Libtorch C++ MPI example

Hello,
Do you guys have a C++ example similar to the python sample here:
https://pytorch.org/tutorials/intermediate/dist_tuto.html
From looking at the source code, I only see python support in source code; for example here …\torch\csrc\multiprocessing\init.cpp

Thank you.

Do you mean an example of distributed training using the C++ frontend? We don’t have one combining the two unfortunately. Also, there is not yet a torch.nn.parallel.DistributedDataParallel equivalent for the C++ frontend. That said, it is possible to use the distributed primitives from C++. See torch/lib/c10d for the source code.

Yep, that’s what I meant. I will take a look at torch/lib/c10d and try to build one myself.
Thanks for the reply.

@kais I am looking for an example for distributed training with C++ frontend. If you managed to build one, can you please share?

1 Like

I managed to implement a few examples using Libtorch and MPI to help others in the community. Check https://github.com/soumyadipghosh/eventgrad

2 Likes

@soumyadipghosh Thanks for contributing this to the community and for the C++/MPI example PR!
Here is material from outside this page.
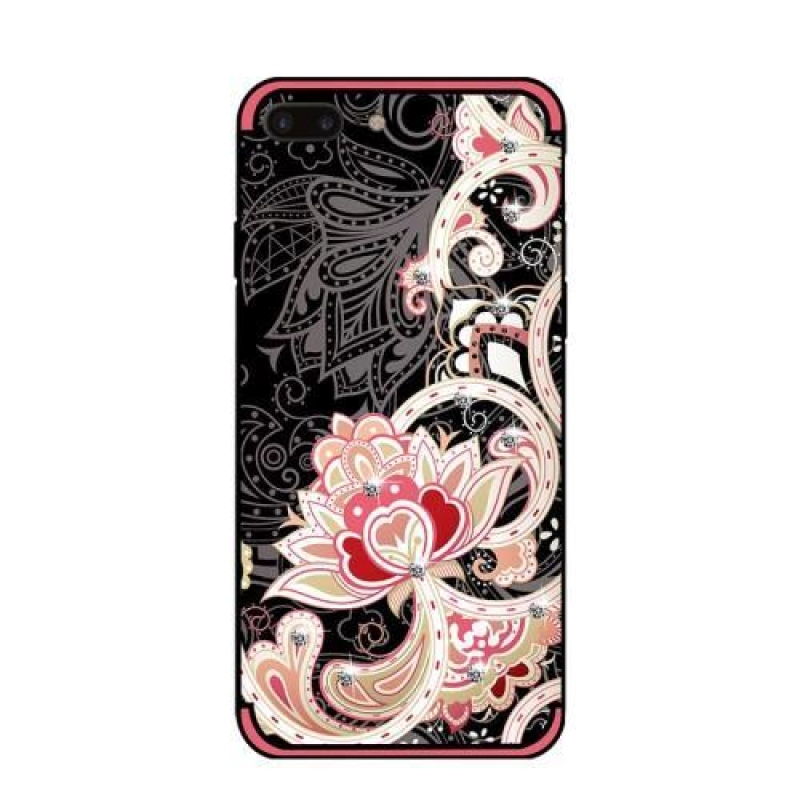 Unique zdobený gelový obal na iPhone 7 Plus a iPhone 8 Plus - červený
Just as a general note for this thread, using the c10d APIs will enable distributed data parallel training that will produce the same results as DDP. However, calling allreduce after the backward pass to synchronize gradients will likely lag in performance as compared to DDP, which overlaps computation and communication by synchronizing smaller buckets of gradients during the backward pass.

1 Like